When I heard that inquest evidence into the shooting of a barrister had been littered with song references, I didn't expect a track I wrote in 1987 to be included next to Chris de Burgh
It was especially strange for me, because in the frankly weird selection featuring Chris de Burgh, Journey, Donna Summer and Buzzcocks was a track from my band, the Membranes. The track, Fuck My Old Boots, was tucked away on a 1987 album called Kiss Ass Godhead. It was a popular live number at the time for chemically imbalanced crazies, but not something I expected to think about 23 years later, certainly not in this context. Somehow the song title had, along with other tracks, been worked into a transcript of the inquest. The passage in which the song features runs: "I switched the light on, he turned towards me and I thought, 'Fuck my old boots, I've got a gun trained on me.'"
An afternoon of intense Twitter debate followed. Some thought the story was a hoax while others pointed out that dropping song titles into reports is pretty common. Insiders told me this is not the first time they've heard pop culture references in official documents. They say it's a way to let off steam in a tense work environment – and although rarely picked up on, it's backfired this time.

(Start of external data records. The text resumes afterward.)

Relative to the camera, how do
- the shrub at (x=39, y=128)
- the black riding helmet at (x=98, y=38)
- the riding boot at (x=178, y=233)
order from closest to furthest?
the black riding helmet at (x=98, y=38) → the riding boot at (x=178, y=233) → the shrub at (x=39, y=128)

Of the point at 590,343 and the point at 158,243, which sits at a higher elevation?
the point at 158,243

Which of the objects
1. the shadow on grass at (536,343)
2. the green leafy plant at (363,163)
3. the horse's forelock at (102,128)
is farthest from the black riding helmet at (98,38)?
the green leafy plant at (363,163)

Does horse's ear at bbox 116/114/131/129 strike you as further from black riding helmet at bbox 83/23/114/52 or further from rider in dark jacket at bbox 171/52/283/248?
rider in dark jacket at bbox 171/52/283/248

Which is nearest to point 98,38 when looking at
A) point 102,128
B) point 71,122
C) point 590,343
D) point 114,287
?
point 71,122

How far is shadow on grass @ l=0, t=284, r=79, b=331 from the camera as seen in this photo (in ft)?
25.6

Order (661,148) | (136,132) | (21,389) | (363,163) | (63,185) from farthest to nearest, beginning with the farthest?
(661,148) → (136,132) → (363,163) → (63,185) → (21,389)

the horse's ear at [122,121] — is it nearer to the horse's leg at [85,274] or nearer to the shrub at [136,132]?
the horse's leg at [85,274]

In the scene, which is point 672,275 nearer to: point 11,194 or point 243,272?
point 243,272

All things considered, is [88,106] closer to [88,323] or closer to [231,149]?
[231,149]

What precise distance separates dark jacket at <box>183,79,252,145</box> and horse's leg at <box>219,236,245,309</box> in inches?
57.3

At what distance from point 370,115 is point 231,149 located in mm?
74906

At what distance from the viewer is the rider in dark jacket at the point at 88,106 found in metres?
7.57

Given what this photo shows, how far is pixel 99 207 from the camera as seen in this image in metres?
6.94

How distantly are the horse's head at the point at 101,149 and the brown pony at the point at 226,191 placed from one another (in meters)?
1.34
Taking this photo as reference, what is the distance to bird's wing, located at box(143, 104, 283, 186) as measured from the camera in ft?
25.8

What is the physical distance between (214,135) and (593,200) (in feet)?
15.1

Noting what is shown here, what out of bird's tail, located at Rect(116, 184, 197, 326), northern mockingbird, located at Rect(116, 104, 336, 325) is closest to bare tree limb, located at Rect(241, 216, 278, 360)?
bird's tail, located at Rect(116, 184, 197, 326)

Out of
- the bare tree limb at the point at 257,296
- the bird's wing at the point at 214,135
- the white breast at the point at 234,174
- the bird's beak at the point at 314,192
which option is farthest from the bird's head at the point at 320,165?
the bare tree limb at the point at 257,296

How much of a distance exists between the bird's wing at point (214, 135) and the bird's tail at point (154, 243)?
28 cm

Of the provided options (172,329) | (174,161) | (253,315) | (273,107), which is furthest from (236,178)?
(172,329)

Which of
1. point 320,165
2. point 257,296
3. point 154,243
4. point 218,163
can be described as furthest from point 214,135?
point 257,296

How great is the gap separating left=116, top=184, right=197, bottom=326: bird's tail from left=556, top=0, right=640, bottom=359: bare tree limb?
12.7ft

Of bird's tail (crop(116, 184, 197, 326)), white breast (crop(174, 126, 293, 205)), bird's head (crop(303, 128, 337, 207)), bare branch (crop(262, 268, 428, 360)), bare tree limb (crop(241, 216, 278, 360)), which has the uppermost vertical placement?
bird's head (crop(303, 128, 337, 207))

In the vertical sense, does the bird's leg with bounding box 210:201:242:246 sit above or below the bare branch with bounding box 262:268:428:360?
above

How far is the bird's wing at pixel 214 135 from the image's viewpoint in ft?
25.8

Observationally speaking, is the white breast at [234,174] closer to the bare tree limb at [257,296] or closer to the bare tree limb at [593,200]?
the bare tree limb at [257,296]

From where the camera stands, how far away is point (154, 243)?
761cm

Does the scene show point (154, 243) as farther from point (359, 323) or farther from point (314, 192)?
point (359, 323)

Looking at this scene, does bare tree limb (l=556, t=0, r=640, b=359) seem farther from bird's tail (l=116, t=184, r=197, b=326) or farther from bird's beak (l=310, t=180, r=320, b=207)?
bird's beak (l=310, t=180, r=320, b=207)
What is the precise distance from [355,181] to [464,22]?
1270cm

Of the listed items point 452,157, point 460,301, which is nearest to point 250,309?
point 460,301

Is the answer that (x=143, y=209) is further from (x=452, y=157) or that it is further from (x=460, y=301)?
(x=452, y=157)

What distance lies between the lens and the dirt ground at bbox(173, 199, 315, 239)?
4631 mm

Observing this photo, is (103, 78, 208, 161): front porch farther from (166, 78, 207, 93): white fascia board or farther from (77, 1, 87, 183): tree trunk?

Many people were baffled by how someone could like such a bizarre ruckus of music. My guess is this was probably a pooled effort, although Donna Summer and noisy post-punk were always bedfellows in my world. Duran Duran's Point of No Return fits in there somewhere, but it's Chris de Burgh that really confuses me – it's not even Lady in Red, but Quiet Moments, a track that surely nobody outside of the WI has ever heard of. Elsewhere, Journey's Line of Fire is sat next to Kicking Myself by As Tall As Lions. It certainly makes for a confused compilation album.